Le neurologue Iain McGilchrist écrit dans son livre « The Master and His Emissary »: « La représentation mentale - en d’autres termes, l’imagination - utilise certains des mêmes neurones impliqués dans la perception directe. Il en ressort que même si nous imaginons seulement faire quelque chose, et encore moins l’imiter, à un niveau non négligeable, c’est comme si nous le faisions nous-mêmes ».

« L’importance écrasante de la mimésis suggère également que les comportements que nous imitons : nous pouvons les transmettre : ils sont considérés comme des mécanismes par lesquels les capacités cérébrales et cognitives acquises au cours d’une seule vie humaine peuvent être transmises à la génération suivante.
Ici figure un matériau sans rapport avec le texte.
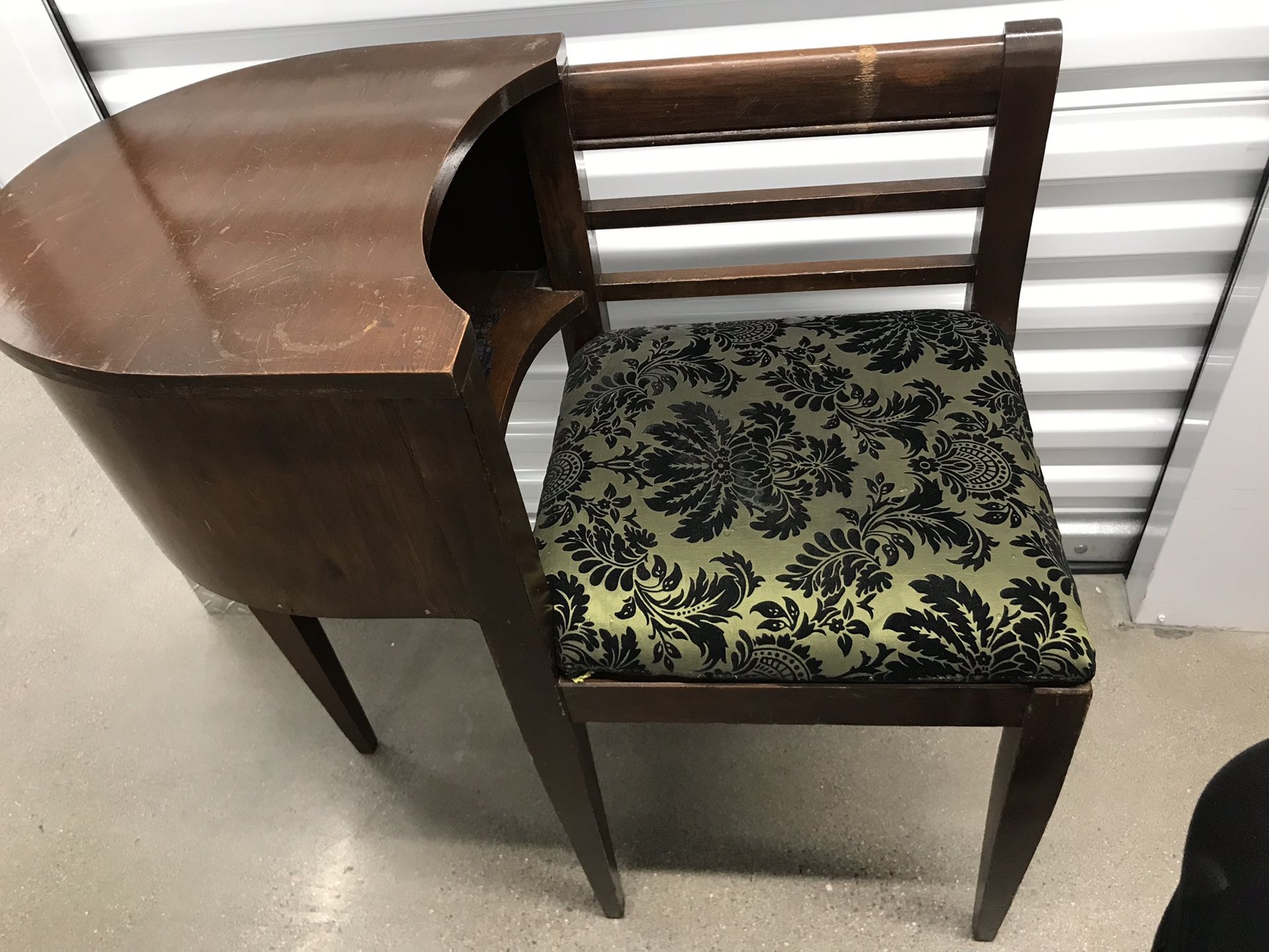 Vintage Gossip Bench (telephone Table)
Ces mécanismes épigénétiques semblent dépendre non pas tant des changements dans le séquençage réel de l’ADN dans les gènes, mais de facteurs qui influencent ce qui est exprimé par cet ADN inchangé – de sorte que certaines façons de penser façonnent et façonneront le système nerveux individuel à la fois structurellement et fonctionnellement.

Les néoplatoniciens de la Renaissance comprenaient déjà implicitement ces concepts neurologiques des traditions hermétiques et helléniques dites « magiques », qui avaient toujours fait partie intégrante de la philosophie antique. Ils ont même « habité » les grands peuples de l’antiquité de manière délibérée et imaginative. C’était littéralement la source de l’énergie créatrice de la Renaissance.

Pétrarque (1304-1374 après JC) a écrit de longues lettres à ses « confidents intérieurs »: Tite-Live, Virgile, Sénèque, Cicéron et Horace – qui, bien sûr, étaient tous morts depuis longtemps. Érasme pria Socrate, qui avait également été exécuté depuis longtemps. Marcilio Ficino a fondé une académie à Florence sur le modèle de l’Académie d’Athènes, dans laquelle le « Symposium » de Platon a été rejoué à l’anniversaire de l’anniversaire de Platon. La philosophie de l’époque était un « mode de vie » qui reposait fortement sur l’interaction empathique avec des icônes visibles et non plus visibles.

Cependant, cette expérience d'« habitation imaginative » n’est plus « notre » expérience aujourd’hui. Dans le système mécanique de cause à effet généralement accepté d’aujourd’hui, les causes précèdent leurs effets et s’imposent par derrière, pour ainsi dire.

La conséquence d’une telle logique est que ce qui nous arrive est finalement déterminé par des événements antérieurs : nous allons là où nous sommes poussés : si quelqu’un fait quelque chose d’inexplicable, il doit y avoir une cause directe, qui est généralement de nature utilitaire. Et lorsque des événements se produisent dans le monde, ils sont le résultat direct d’une cause simple. De cette façon, tout ce qui se passe est défini par quelque chose de passé, quelque chose de déjà « connu » dans un sens empirique. Rien ne peut être vraiment nouveau.

Mais si nous adoptons l’optique hermétique – magnétiquement attirée par certaines valeurs et récits fondamentaux – nous pouvons nous libérer du fardeau historique. C’était l’aspect créatif de l’hermétisme qui excitait tant ses adeptes. « Si nous imaginons même faire quelque chose, sans parler de l’imiter, alors à un certain niveau, c’est comme si nous devenions réellement un – alors nous sommes « libres » de « lâcher prise » la simple causalité physique qui découle d’événements passés qui déterminent inévitablement « notre présent ». »

C’est aussi une autre façon d’imaginer la souveraineté. Il comprend l’idée que la souveraineté s’acquiert par l’action et la pensée souveraines. Ce pouvoir souverain naît de la confiance en soi d’un peuple qui a sa propre histoire claire, son héritage intellectuel et son fonds spirituel dans lesquels il peut puiser et se différencier.

Ce sont les joyaux cachés du discours du président Poutine à Valdaï, qui sont à certains égards comparables au théâtre de la mémoire de Giulio Camillo – comme un système d’empreinte de mémoire qui permet de voir à nouveau le monde comme un tout unifié.